# Pork tenderloin bulgogi



## halo1 (Oct 4, 2007)

I sliced a pork tenderloin against the grain as thin as possible. Marinaded 3 hours in
1/2 cup soy sauce
1/4 cup sugar
1 tablespoon sesame oil
6 crushed garlic cloves
1 tablespoon minced ginger
1 heaping spoonful of Thai chili sauce

Cooked on grill at 500% + For about 4 mins per side. Served in a lettuce wrap with sliced red pepper and sweet chili sauce.


----------



## CCC (Sep 3, 2008)

Nice, love me some Korean food, wen to Korea twice for team spirit, will have to try this. My step mom is Vietnamese, so I grew up on this type of food.


----------



## Kenton (Nov 16, 2007)

Erotic!


----------



## sniperpeeps (Mar 5, 2011)

Dang that looks good....used to love the little Korean restaurant outside Ft. Benning......the good ol days.


----------



## kahala boy (Oct 1, 2007)

Only thing missing is the kimchi.


----------



## oysterman (Jan 23, 2012)

I've eaten at that one outside ft.benning ga also...seems like a good marinade and fairly authenic except the Thai chili sauce and styrofoam plate lol...dag gum now you got me hungry! And missing the rice...


----------



## Fish-n-Fur (Apr 2, 2009)

just left Benning this summer after 7 yrs, Korean restaurant off S. Lumpkin Rd gone for some time now (if that's the one)...and no ACP there any longer either, but can swing thru the new Infantry museum parking lot to the gate. hooah! 

Good looking chow! need some sweet tea


----------



## halo1 (Oct 4, 2007)

Seems some of y'all have been near Benning.. How many know what a dirty a## leg is :thumbsup:! Ha ha . Also forgot recipe had 1/4 cup honey and a buttload of sesame seeds.
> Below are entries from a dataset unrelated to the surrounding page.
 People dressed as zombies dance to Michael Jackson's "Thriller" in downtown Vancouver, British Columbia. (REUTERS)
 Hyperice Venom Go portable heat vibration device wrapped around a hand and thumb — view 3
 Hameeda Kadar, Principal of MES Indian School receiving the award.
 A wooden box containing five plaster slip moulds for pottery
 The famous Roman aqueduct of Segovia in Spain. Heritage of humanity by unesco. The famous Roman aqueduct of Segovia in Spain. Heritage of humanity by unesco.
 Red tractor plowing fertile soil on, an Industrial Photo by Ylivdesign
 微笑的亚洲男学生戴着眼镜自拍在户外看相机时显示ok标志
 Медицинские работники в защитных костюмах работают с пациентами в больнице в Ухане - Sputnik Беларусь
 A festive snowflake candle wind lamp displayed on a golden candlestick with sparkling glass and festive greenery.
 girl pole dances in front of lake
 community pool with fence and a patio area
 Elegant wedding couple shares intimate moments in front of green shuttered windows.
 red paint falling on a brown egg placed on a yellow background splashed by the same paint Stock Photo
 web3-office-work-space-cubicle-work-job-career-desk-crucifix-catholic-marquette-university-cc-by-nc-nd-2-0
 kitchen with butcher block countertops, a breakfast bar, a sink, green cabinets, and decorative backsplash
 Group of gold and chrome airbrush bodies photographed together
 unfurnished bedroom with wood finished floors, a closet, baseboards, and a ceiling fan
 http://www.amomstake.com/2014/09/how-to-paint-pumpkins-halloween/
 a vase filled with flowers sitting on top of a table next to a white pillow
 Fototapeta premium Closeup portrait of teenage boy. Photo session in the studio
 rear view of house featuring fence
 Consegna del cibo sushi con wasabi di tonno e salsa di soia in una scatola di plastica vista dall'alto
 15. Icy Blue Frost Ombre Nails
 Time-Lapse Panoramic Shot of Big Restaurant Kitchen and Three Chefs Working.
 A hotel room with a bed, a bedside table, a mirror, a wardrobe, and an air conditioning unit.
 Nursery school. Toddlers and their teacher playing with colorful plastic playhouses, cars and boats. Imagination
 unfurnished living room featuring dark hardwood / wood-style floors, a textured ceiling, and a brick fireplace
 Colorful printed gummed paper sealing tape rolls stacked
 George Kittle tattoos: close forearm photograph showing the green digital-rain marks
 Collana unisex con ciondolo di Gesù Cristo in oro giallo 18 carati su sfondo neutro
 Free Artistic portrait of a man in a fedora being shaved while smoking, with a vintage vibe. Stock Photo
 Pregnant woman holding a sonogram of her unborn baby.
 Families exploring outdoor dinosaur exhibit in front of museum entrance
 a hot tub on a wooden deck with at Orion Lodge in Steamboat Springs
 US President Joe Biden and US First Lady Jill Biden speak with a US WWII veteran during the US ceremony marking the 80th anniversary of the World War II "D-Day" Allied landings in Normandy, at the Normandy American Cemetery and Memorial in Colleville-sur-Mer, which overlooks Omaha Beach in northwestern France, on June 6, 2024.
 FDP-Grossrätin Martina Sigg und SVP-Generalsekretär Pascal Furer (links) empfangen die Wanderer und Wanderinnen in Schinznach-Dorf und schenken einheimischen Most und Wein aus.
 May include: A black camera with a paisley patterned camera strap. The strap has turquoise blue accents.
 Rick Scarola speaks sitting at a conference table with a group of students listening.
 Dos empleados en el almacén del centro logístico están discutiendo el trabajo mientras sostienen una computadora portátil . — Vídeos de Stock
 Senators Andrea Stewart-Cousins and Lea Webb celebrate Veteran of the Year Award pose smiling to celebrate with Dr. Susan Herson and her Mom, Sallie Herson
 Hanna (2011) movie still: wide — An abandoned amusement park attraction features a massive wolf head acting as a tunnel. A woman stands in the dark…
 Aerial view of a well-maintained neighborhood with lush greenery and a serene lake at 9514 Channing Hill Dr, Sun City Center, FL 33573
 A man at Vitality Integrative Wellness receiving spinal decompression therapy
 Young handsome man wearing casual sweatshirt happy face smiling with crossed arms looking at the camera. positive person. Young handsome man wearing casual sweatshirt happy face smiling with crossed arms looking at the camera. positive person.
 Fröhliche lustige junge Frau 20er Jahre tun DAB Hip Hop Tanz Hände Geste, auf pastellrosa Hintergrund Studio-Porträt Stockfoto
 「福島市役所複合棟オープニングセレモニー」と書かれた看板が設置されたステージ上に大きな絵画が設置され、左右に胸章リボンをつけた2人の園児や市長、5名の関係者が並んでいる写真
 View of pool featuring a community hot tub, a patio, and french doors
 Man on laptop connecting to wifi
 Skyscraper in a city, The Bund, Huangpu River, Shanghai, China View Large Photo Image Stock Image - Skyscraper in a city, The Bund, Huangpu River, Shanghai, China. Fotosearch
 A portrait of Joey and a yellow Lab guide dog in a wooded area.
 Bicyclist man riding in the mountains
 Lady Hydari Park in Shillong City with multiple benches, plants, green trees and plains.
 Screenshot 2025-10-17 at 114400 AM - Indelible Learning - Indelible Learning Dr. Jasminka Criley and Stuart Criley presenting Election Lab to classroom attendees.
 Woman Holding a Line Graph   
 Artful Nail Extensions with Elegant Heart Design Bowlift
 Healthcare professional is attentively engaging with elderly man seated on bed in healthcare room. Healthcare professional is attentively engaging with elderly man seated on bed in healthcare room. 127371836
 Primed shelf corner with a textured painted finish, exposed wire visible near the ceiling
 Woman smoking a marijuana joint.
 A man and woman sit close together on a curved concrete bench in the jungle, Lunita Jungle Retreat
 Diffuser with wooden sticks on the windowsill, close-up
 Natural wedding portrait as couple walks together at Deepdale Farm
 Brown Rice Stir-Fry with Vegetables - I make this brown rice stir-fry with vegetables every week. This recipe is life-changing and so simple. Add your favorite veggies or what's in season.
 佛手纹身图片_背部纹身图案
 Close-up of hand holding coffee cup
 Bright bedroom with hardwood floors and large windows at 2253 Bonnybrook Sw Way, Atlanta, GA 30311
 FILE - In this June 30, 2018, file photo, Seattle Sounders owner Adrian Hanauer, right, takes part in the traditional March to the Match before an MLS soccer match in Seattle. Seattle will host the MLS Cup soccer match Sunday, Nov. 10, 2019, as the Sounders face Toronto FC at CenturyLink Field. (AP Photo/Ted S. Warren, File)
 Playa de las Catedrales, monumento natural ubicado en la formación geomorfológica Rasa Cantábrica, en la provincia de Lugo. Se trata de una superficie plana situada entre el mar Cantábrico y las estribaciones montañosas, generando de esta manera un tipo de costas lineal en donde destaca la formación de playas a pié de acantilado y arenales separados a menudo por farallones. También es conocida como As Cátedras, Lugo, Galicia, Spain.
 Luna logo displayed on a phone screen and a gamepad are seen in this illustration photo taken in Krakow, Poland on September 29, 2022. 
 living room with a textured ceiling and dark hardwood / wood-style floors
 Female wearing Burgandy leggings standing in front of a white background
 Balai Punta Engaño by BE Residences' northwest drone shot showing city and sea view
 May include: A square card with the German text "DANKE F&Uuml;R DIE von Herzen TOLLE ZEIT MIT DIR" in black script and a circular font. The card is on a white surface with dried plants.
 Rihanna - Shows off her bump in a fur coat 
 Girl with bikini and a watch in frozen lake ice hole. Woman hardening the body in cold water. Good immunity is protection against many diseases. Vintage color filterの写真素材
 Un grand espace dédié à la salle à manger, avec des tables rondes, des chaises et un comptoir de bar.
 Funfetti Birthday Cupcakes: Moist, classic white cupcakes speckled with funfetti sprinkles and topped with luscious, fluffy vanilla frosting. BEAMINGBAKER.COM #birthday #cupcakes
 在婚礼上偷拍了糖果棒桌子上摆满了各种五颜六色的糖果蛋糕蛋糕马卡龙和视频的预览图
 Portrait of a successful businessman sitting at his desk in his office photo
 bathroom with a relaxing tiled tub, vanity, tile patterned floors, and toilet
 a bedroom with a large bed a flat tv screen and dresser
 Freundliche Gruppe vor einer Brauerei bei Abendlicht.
Only thing I might change is to hit it with some fresh lime juice at end!


----------



## sniperpeeps (Mar 5, 2011)

Fish-n-Fur said:


> just left Benning this summer after 7 yrs, Korean restaurant off S. Lumpkin Rd gone for some time now (if that's the one)...and no ACP there any longer either, but can swing thru the new Infantry museum parking lot to the gate. hooah!
> 
> Good looking chow! need some sweet tea


The one I was talking about is right next to Ranger Joe's. It was like 5.25 for lunch w/ a sweet tea. I was there at least twice a week.


----------



## sniperpeeps (Mar 5, 2011)

halo1 said:


> Seems some of y'all have been near Benning.. How many know what a dirty a## leg is :thumbsup:! Ha ha .


Yup!!!


----------



## jim t (Sep 30, 2007)

I'm not a big fan of kimchi... but it has it's place in some meals. It would certainly work here. That a GREAT looking Bulgogi. A LITTLE tart and sour works.

Jim


----------



## sniperpeeps (Mar 5, 2011)

jim t said:


> I'm not a big fan of kimchi... but it has it's place in some meals. It would certainly work here. That a GREAT looking Bulgogi. A LITTLE tart and sour works.
> 
> Jim



I love Kimchi, my stomach does not however.


----------